Caption-style text data

____

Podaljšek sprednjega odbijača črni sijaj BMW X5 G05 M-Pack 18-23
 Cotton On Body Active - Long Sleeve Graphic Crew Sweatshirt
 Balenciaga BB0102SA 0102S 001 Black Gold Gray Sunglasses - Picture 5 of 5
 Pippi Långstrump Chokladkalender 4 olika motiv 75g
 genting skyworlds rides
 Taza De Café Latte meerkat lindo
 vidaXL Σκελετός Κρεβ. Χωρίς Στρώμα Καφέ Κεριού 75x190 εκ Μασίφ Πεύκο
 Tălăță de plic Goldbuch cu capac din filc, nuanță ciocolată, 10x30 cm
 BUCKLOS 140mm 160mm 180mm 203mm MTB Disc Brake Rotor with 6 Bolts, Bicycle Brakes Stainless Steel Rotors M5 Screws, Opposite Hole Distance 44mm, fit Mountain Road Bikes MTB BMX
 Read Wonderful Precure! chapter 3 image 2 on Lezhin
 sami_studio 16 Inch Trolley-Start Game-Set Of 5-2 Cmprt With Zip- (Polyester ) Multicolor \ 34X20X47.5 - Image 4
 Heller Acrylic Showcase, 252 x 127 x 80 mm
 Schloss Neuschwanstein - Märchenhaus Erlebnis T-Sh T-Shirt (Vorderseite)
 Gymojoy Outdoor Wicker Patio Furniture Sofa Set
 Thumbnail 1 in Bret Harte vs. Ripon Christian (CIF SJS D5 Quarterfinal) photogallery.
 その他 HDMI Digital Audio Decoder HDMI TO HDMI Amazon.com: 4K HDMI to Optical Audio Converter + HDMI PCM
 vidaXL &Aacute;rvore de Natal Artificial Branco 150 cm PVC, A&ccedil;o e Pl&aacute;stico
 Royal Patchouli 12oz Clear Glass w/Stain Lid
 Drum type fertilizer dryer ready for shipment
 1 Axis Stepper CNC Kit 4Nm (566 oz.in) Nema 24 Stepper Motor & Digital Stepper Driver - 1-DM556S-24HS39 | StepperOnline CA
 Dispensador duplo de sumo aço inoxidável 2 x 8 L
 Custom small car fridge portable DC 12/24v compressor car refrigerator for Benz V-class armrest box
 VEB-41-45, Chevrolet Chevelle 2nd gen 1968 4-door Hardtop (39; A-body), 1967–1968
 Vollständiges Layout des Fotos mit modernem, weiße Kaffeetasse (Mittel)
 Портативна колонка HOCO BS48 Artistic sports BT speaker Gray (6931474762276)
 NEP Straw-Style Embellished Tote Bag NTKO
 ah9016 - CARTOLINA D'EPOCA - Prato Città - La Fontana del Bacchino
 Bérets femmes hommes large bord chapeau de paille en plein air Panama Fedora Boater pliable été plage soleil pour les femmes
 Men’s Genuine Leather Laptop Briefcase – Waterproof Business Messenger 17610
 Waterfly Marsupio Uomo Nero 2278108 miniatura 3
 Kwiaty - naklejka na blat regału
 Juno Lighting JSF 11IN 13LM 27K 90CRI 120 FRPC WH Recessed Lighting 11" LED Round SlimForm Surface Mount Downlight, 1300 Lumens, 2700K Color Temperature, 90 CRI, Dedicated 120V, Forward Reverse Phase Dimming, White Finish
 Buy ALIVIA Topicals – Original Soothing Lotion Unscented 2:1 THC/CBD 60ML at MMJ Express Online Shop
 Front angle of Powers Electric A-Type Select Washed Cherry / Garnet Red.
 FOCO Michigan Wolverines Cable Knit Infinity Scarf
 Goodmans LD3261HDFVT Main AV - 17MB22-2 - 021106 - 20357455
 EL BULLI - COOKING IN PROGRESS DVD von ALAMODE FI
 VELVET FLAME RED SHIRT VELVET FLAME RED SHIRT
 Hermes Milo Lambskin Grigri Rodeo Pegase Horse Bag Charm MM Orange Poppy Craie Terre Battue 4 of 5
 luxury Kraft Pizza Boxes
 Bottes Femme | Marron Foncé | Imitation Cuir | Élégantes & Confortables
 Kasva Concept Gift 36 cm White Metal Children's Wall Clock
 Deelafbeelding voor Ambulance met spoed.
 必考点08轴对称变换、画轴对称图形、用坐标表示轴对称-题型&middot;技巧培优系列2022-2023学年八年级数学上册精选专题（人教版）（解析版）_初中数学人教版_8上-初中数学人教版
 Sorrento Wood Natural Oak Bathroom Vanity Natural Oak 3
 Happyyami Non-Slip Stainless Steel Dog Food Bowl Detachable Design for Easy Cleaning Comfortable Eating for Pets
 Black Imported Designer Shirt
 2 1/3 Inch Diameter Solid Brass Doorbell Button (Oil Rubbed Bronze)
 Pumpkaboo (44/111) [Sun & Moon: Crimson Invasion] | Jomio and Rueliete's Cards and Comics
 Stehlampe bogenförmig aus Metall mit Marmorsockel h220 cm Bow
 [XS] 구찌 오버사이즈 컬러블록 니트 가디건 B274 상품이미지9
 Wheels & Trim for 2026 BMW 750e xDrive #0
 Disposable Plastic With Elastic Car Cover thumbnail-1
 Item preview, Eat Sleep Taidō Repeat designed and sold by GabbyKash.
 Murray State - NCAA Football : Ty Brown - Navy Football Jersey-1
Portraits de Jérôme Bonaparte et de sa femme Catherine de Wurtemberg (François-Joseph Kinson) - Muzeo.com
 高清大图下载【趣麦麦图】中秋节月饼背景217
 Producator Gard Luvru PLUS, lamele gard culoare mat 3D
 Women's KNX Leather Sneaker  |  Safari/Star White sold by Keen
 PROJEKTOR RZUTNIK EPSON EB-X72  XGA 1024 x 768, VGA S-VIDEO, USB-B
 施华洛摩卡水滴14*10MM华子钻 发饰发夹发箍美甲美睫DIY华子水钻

____

Take the lines above from the one containing "1 Axis Stepper" to the one containing "Vollständiges Layout des" and retype them exactly, both ends included, with nothing added.

 1 Axis Stepper CNC Kit 4Nm (566 oz.in) Nema 24 Stepper Motor & Digital Stepper Driver - 1-DM556S-24HS39 | StepperOnline CA
 Dispensador duplo de sumo aço inoxidável 2 x 8 L
 Custom small car fridge portable DC 12/24v compressor car refrigerator for Benz V-class armrest box
 VEB-41-45, Chevrolet Chevelle 2nd gen 1968 4-door Hardtop (39; A-body), 1967–1968
 Vollständiges Layout des Fotos mit modernem, weiße Kaffeetasse (Mittel)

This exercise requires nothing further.